28.8 C
Madiun
Sunday, June 4, 2023

Hari Pers Nasional dan Kemerdekaan Pers Indonesia

Oleh: Bupati Magetan Suprawoto

BANGSA ini memperingati Hari Pers Nasional (HPN) setiap 9 Februari. Walau beberapa organisasi pers menggugat penetapan hari itu, namun keputusannya tidak berubah. Mayoritas pers Indonesia masih dapat menerimanya.

Gugatan hadir setelah era reformasi. Ketika kemerdekaan pers diperoleh kembali. Salah satu pertimbangannya, penetapan HPN mengacu hari lahirnya Persatuan Wartawan Indonesia (PWI) di Solo pada 9 Februari 1946. Hal tersebut dipandang tidak relevan. Sebab saat ini banyak organisasi wartawan lainnya.

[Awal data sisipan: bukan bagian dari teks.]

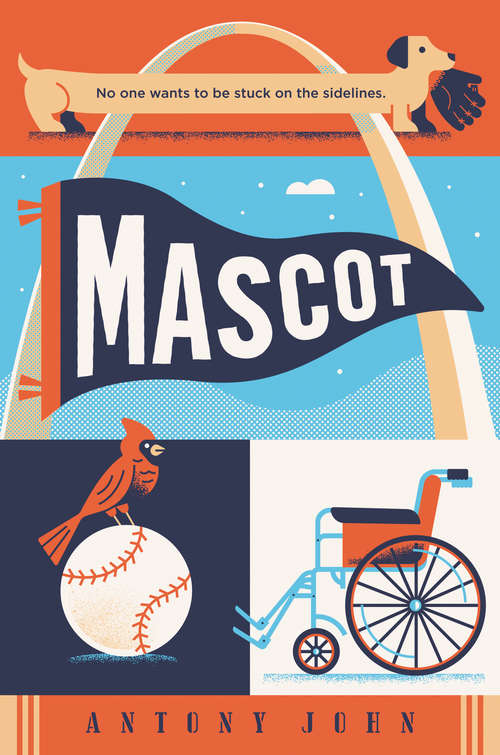 Book cover of Mascot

Pada hari PWI lahir, para tokoh pers nasional berkumpul di Balai Pertemuan Sono Suko (sekarang Gedung Monumen Pers). Dalam pertemuan itu diambil keputusan membentuk organisasi PWI yang kemudian diketuai Sumanang Surjowinoto.

Gagasan HPN muncul dalam kongres ke-16 PWI di Padang pada 1978. Pemerintah diminta menetapkan hari lahirnya PWI sebagai HPN. Namun, usulan itu tidak serta merta disetujui pemerintah Orde Baru. Kendati demikian, HPN tetap diperingati.

Peringatan pertama kalinya di momen ulang tahun ke-35 PWI pada 1981. Setelah acara itu, Dewan pers menganggap usulan PWI perlu ditindaklanjuti. Sidang pembahasannya digelar di Bandung, 19 Februari 1981. Kesepakatannya 9 Februari sebagai HPN. Dewan pers lantas mengusulkan penetapannya ke pemerintah.

Sejak PWI memunculkan gagasan HPN, pemerintah baru menyetujui tujuh tahun kemudian melalui Kepres 5/1985. Di dalamnya dikemukakan alasan penetapan HPN setiap 9 Februari.

Begitu hebatnya peran dewan pers di era Orde Baru. Lembaga independen itu lahir dari amanat Undang-Undang 11/1966 tentang Ketentuan-Ketentuan Pokok Pers. Fungsinya mendampingi pemerintah, bersama-sama membina pertumbuhan, dan perkembangan pers nasional.

Kemudian, regulasi itu diubah menjadi UU 21/1982. Dewan pers dalam UU itu mempunyai hubungan struktural dengan Departemen Penerangan.

Bayangkan, ketua dewan pers adalah menteri penerangan. Sekretarisnya dirjen pembinaan pers dan grafika (PPG). Sedangkan kalangan pers menduduki posisi kurang penting.Pemerintah begitu dominan dalam pembinaan pers.

Tidak mengherankan kalau seluruh kebijakan pers harus sesuai kebijakan pemerintah. Bahkan, UU dikesampingkan dengan aturan lebih rendah. Dan, itu pernah terjadi.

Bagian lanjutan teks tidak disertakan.